September 21, 2010
This article was contributed by Josh Berkus
Version 9.0 of the PostgreSQL database management system was released on September
20, with considerably more "buzz" than a PostgreSQL release has had in a
while. The PostgreSQL Project does a major release every year, but this one
is special. It has more than a dozen major features and nearly 200 minor
improvements, so the release has more new goodies in it for database geeks than any release before it, hence the "9.0" version number.

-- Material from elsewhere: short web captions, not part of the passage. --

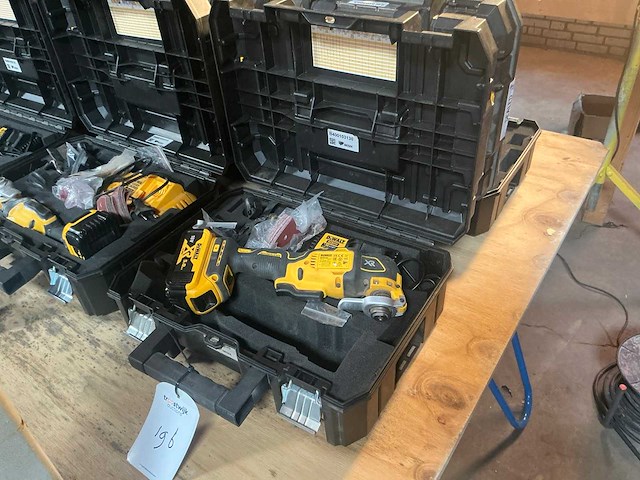 De walt dcs356 accu multi-tool - afbeelding 1 van  3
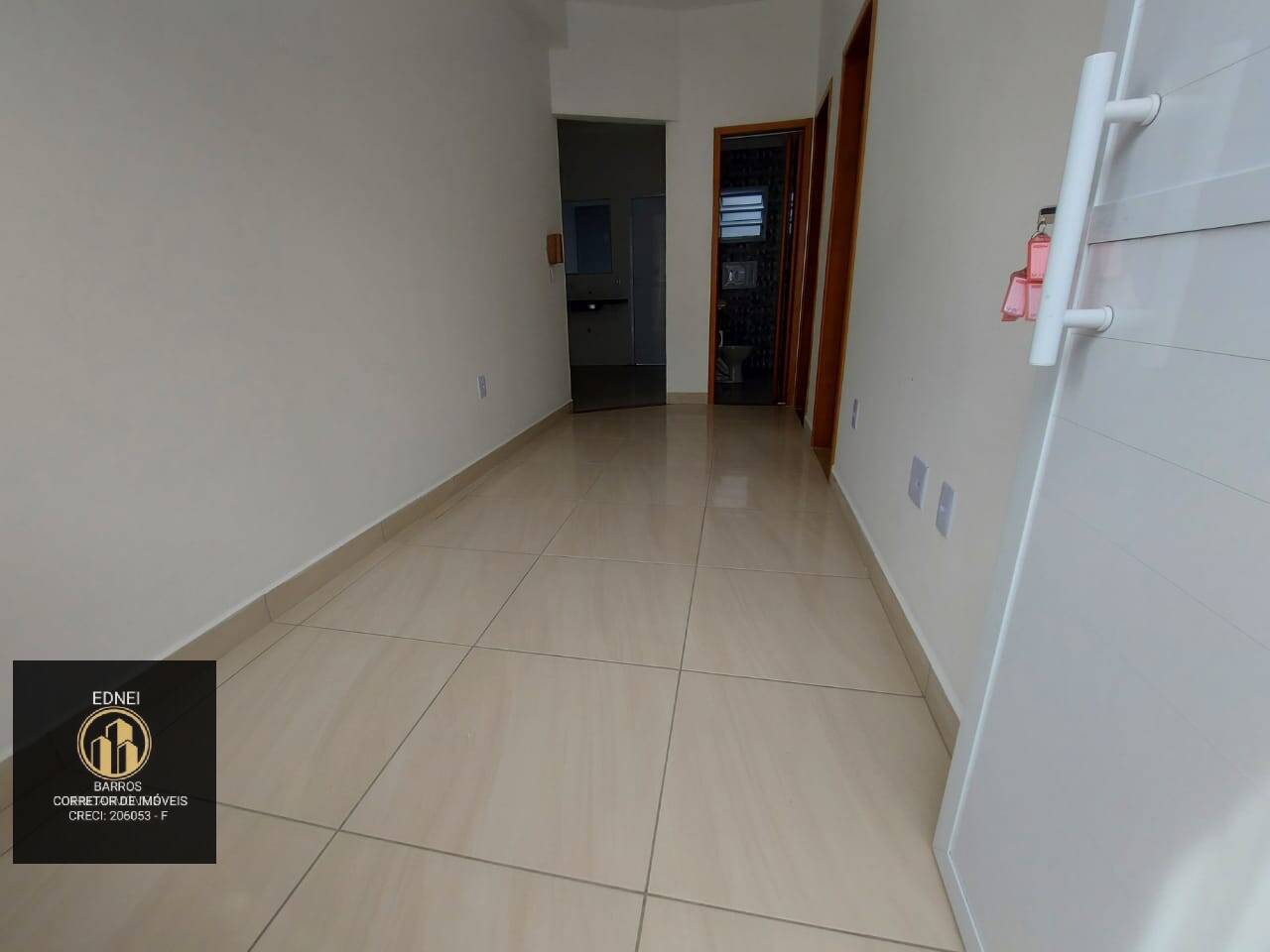 Casa à venda com 2 quartos, 44m² - Foto 2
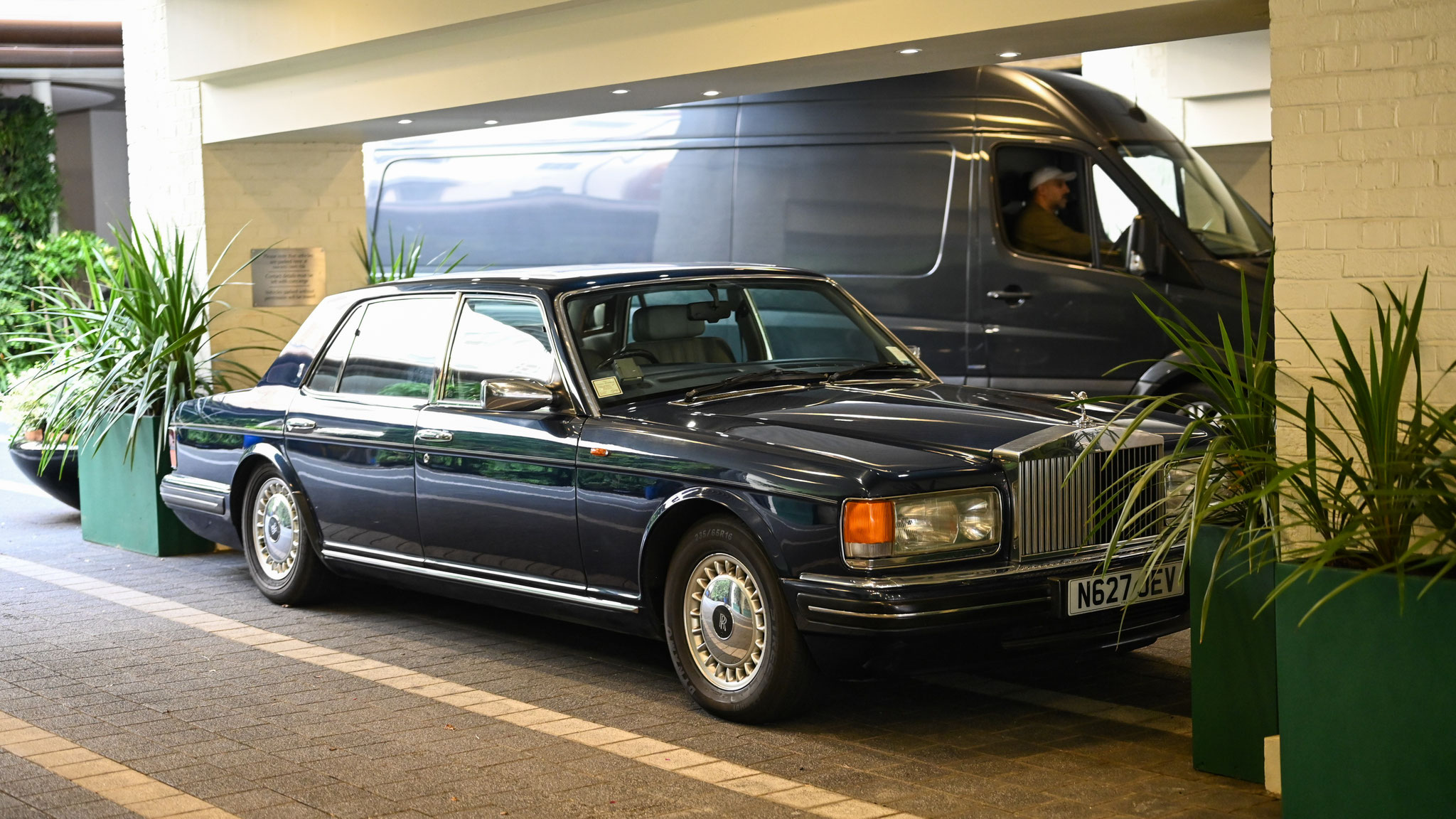 Rolls Royce Silver Spirit - N627JEV (GB)
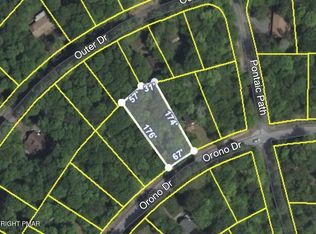 19 Orono Dr, Pocono Lake, PA 18347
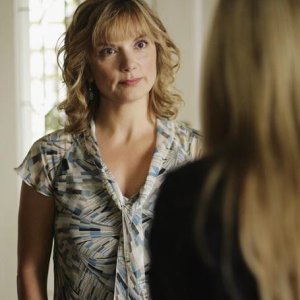 Teryl Rothery in una scena dell'episodio 'Grounded' della seconda stagione della serie televisiva Kyle XY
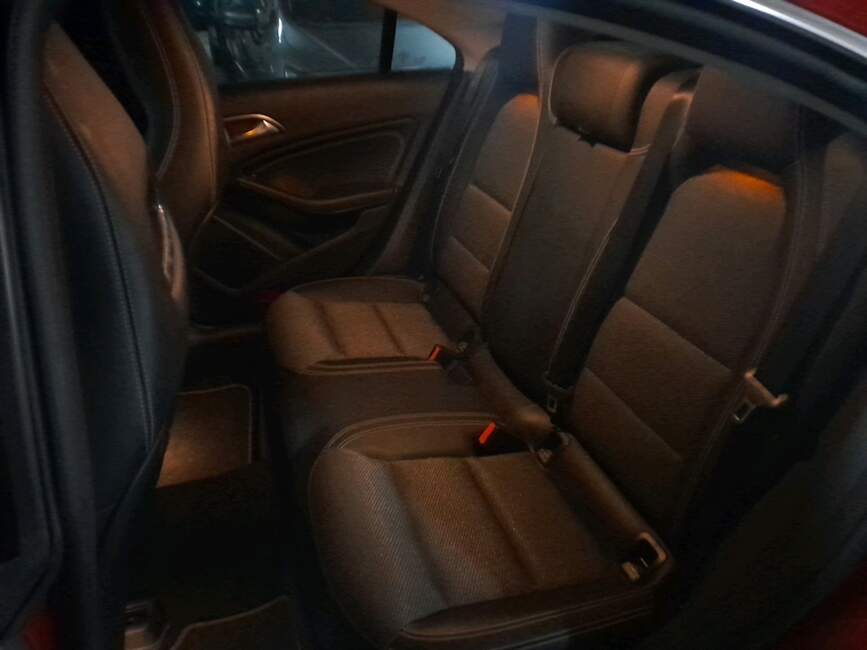 Mercedes-Benz CLA 180 1.6 CGI 7G-DCT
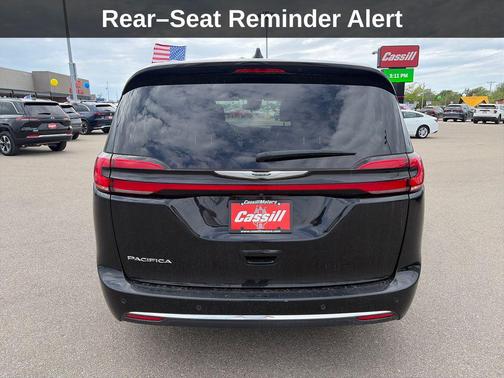 Diamond Black Crystal Pearlcoat 2024 Chrysler Pacifica Touring L
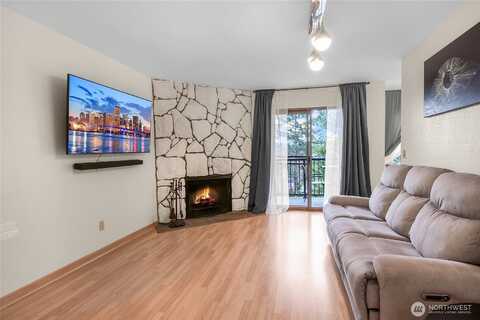 127Th Lane Ne #S-10, Kirkland, WA 98034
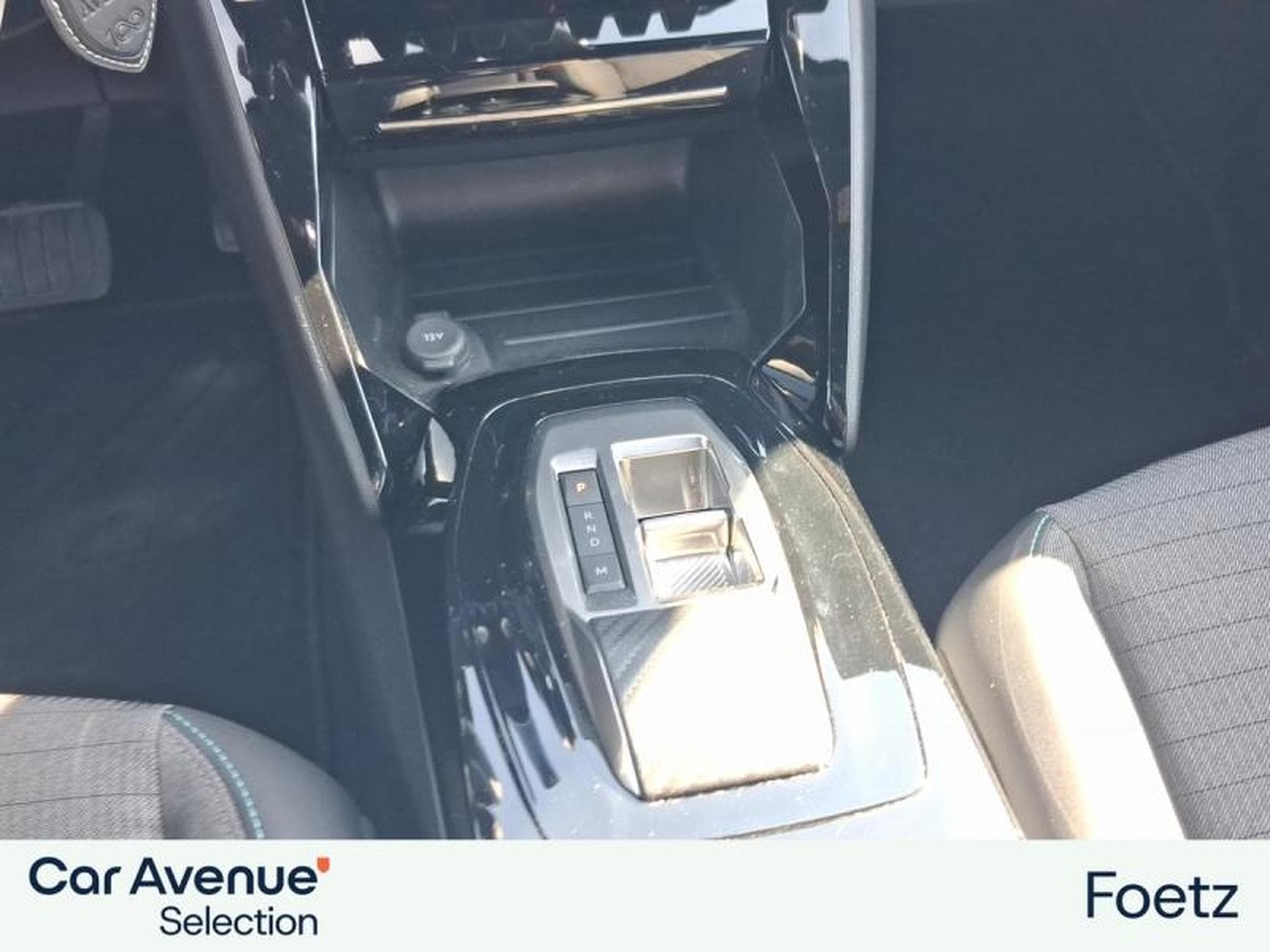 PEUGEOT 2008 1.2 PureTech 130ch S&S Allure Pack EAT8 (2023) - Photo 10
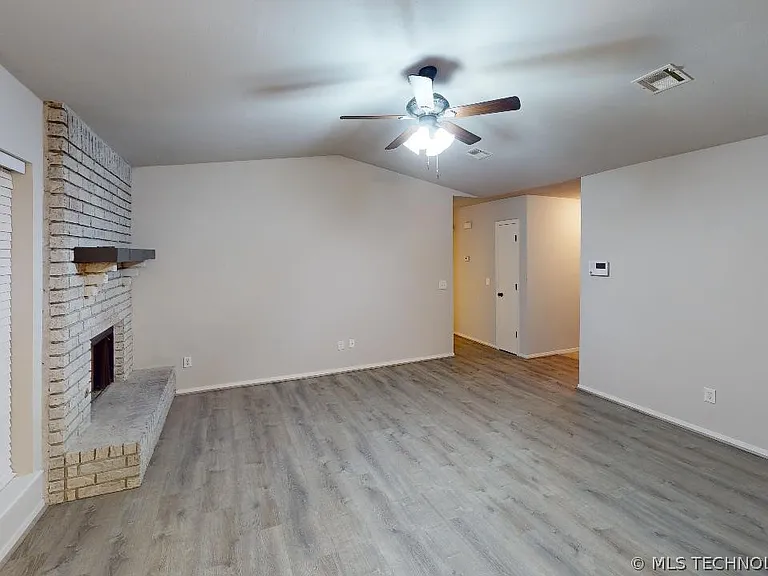 9215 S 92nd East Ave — Photo 3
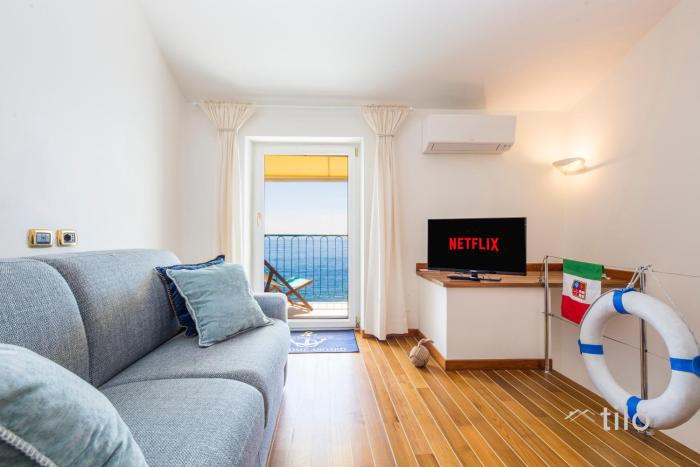 Beach | Parking | Wifi | AC| Sea View By Tilo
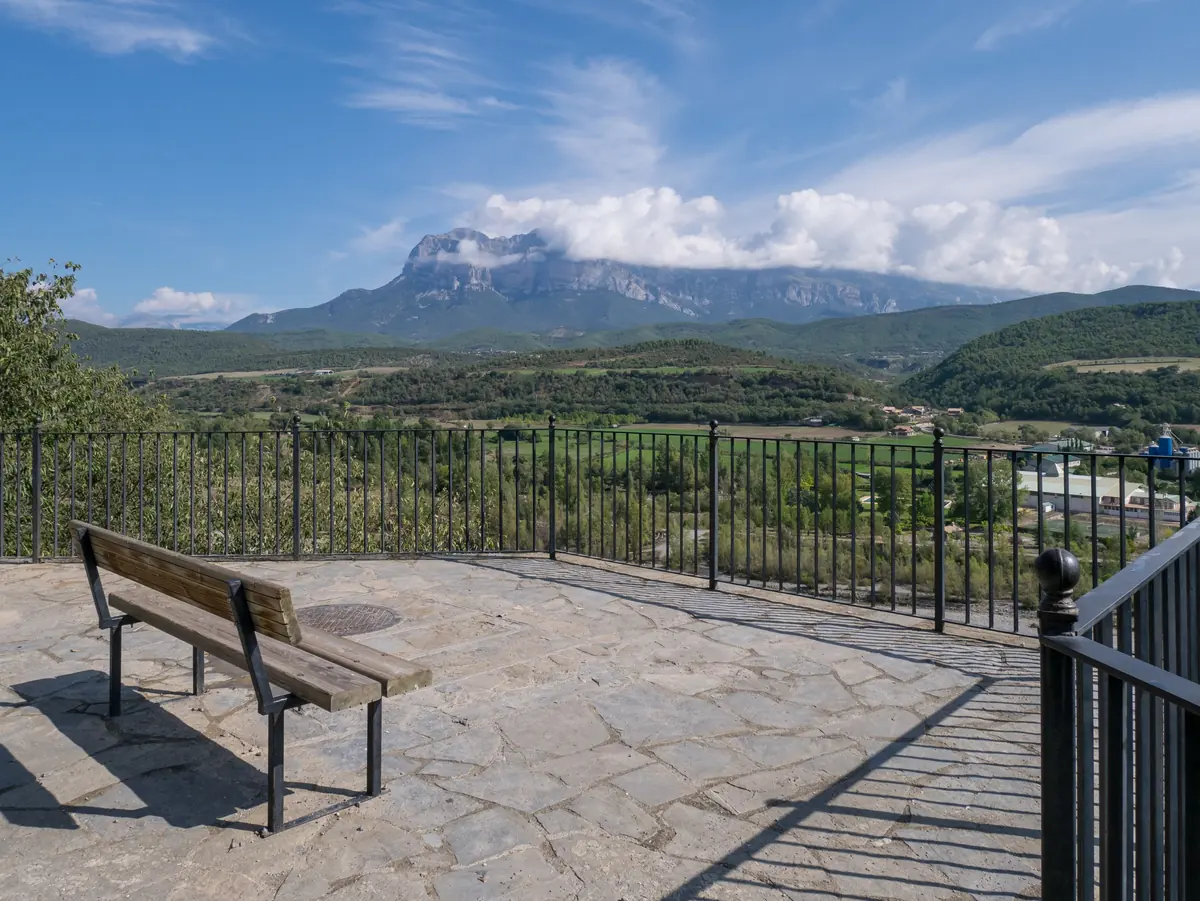 Mirador de Aínsa con la Peña Montañesa y el paisaje pirenaico al fondo.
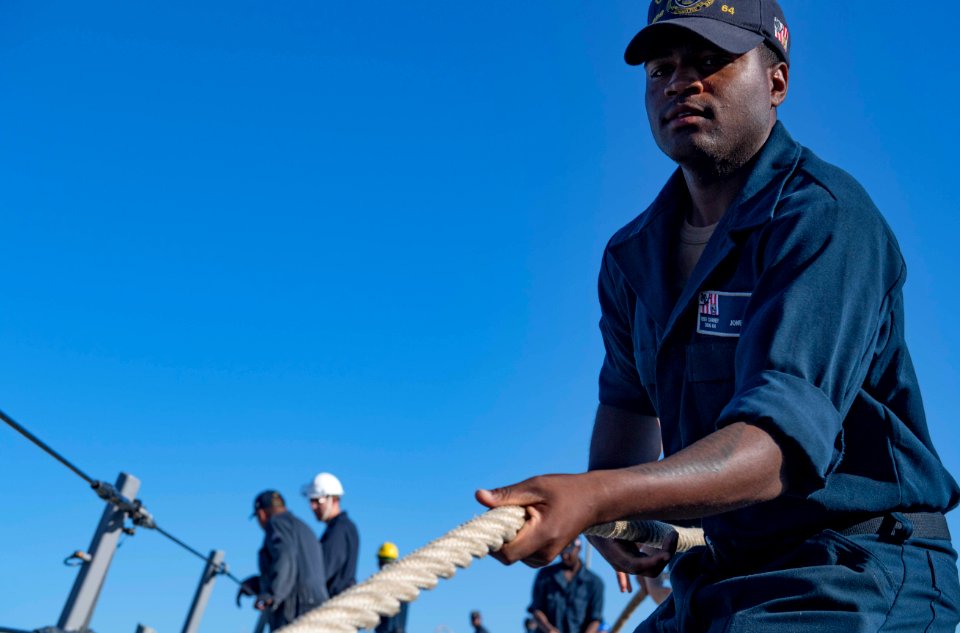 USS Carney Departs Rota Spain (43757298191)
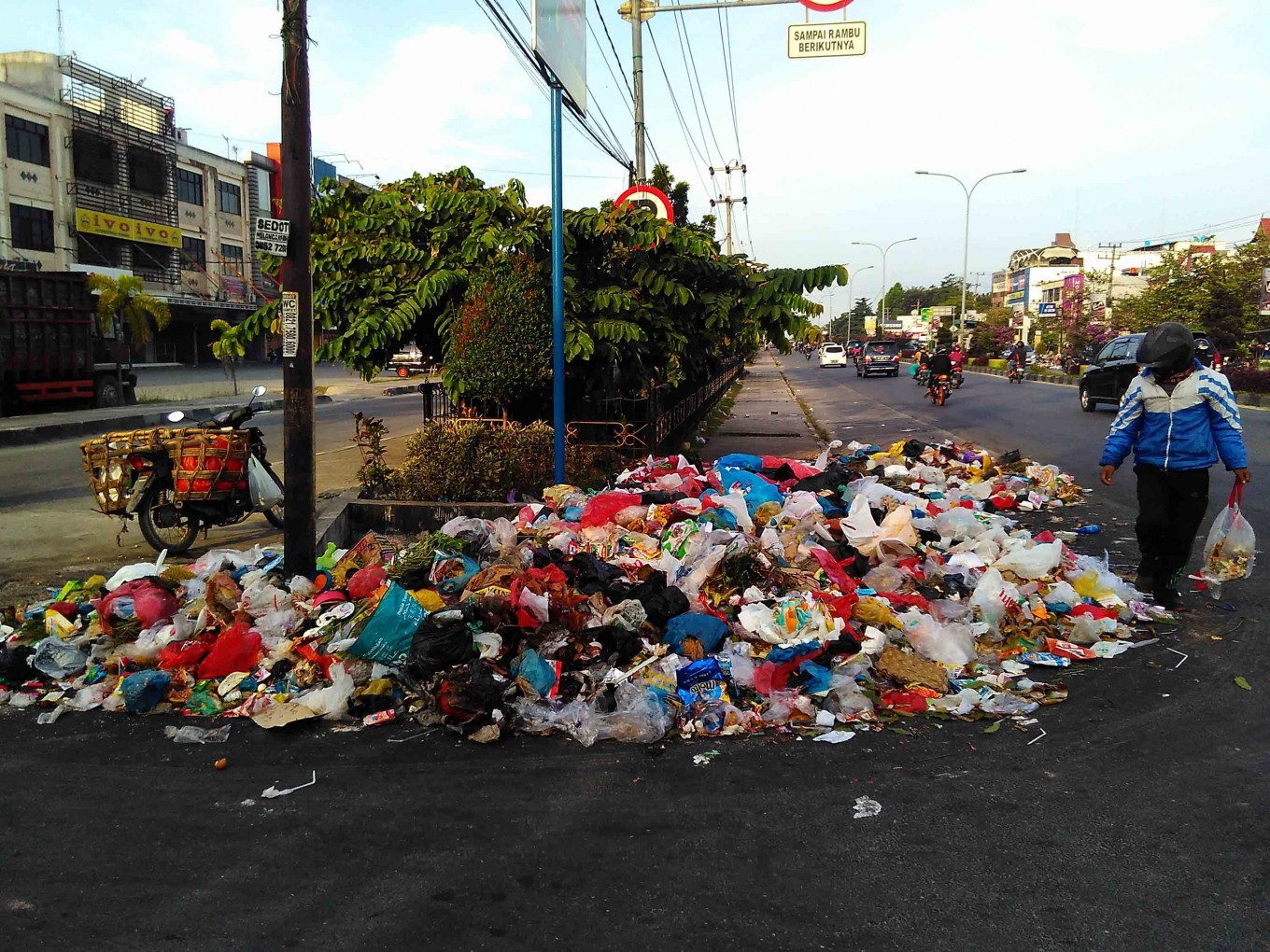 Garbage strewn on streets of Pekanbaru - National - The Jakarta Post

It includes some things which users have been requesting for years, such as built-in replication. Given this large number of new features, I'm not even going to try to cover them all; instead, I'll pick five very different features as examples and you can read about the rest on PostgreSQL.org.
Binary replication
PostgreSQL 9.0 includes a new mechanism for replicating entire databases which uses binary logs to replicate between servers. Since this is very similar to Oracle's Hot Standby Databases, it is often also called "hot standby". While PostgreSQL already has several other replication tools, including Slony-I, pgPool2, and Bucardo, binary replication supports greater scalability and availability for the majority of PostgreSQL users. It is also simpler to configure and initialize for the most basic configuration: two identical databases with failover.
This feature is also expected to help push PostgreSQL in cloud hosting and software as a service (SaaS) environments. Overhead for each standby database is very low, allowing a single master to support tens or even hundreds of standby databases. Binary replication also works quite well together with virtual machine and filesystem cloning tools.
Binary replication works by copying the binary change logs, called "transaction logs", from one server to another. This builds on the mechanism used for "warm standby" in PostgreSQL for several years, with two important differences: you can now run queries on the standby server(s), and logs can now be shipped continuously over a database port connection. The latter also decreases latency between servers, allowing the standby server to be only a fraction of a second behind.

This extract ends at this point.